_Given material_:
--------------------------------------------------

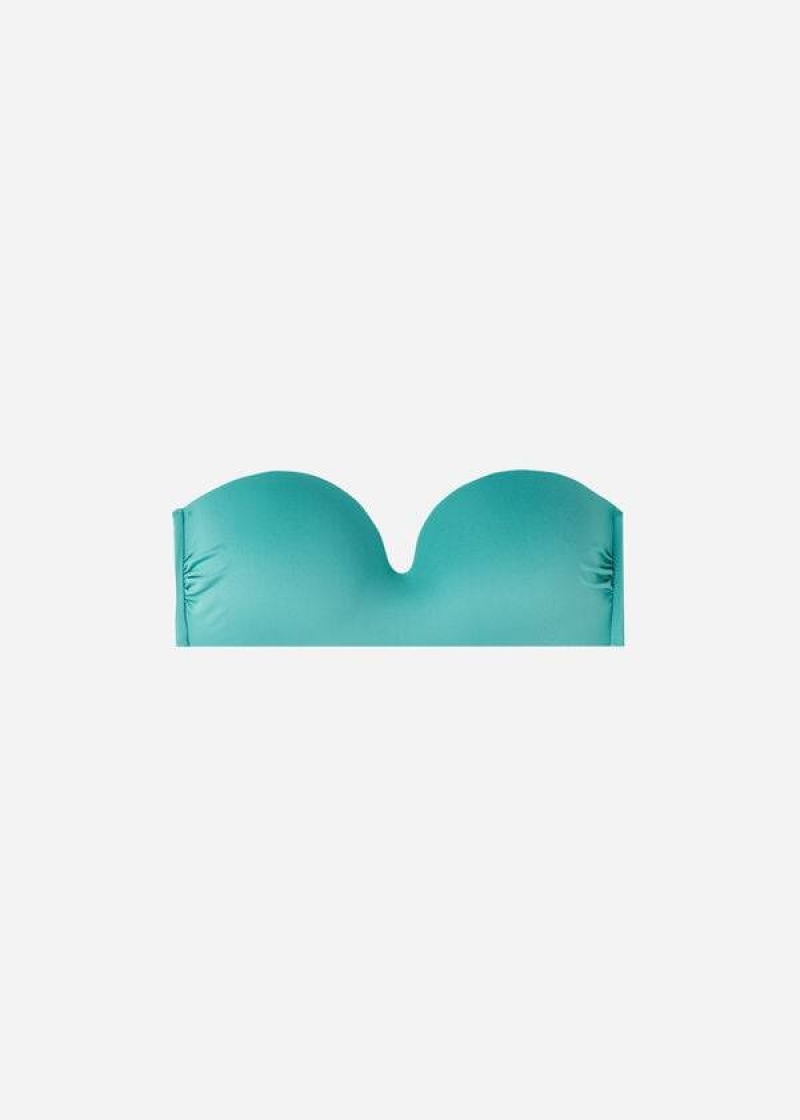 Calzedonia Padded Bandeau Indonesia Eco Women's Bikini Tops Turquoise | CA 2398YU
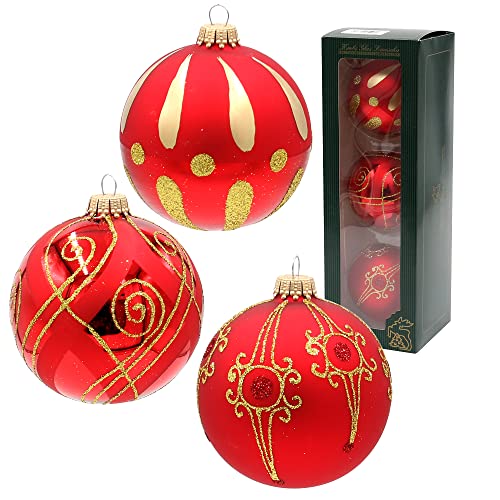 Lauschaer Christmas Tree Decorations Set of 3 Christmas Tree Baubles in Red Shine and Matte, Mouth-Blown and Hand-Decorated with Various Designs, with Gold Crowns, Diameter Approx. 8 cm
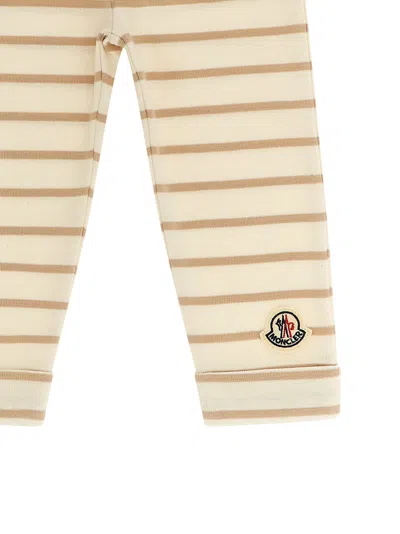 Moncler Baby Set T-shirt + Leggings + Cap In Neutral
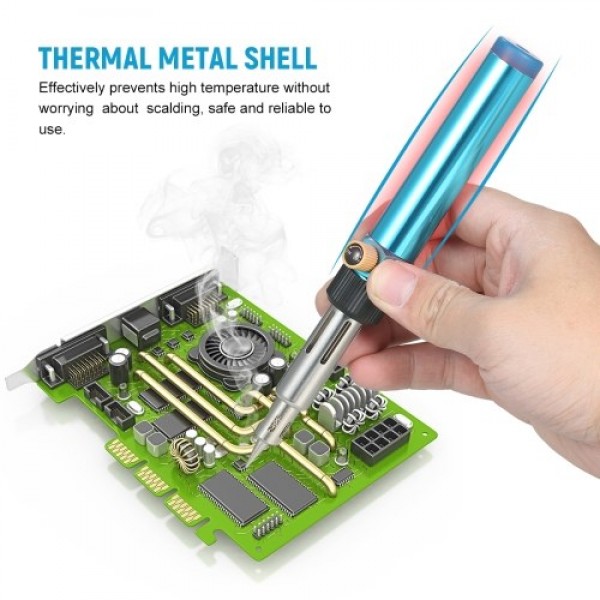 Portable Gas Soldering Iron Butane Soldering Iron Welding Torch Tool with Adjustable Flame 2370℉ High Temp for Electronics Wood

--------------------------------------------------

_Task description_: Each line from the one containing "Lauschaer Christmas Tree" through the final line of the data must be reproduced exactly, both ends included, with no pictures in the copy.

_Result_:
 Lauschaer Christmas Tree Decorations Set of 3 Christmas Tree Baubles in Red Shine and Matte, Mouth-Blown and Hand-Decorated with Various Designs, with Gold Crowns, Diameter Approx. 8 cm
 Moncler Baby Set T-shirt + Leggings + Cap In Neutral
 Portable Gas Soldering Iron Butane Soldering Iron Welding Torch Tool with Adjustable Flame 2370℉ High Temp for Electronics Wood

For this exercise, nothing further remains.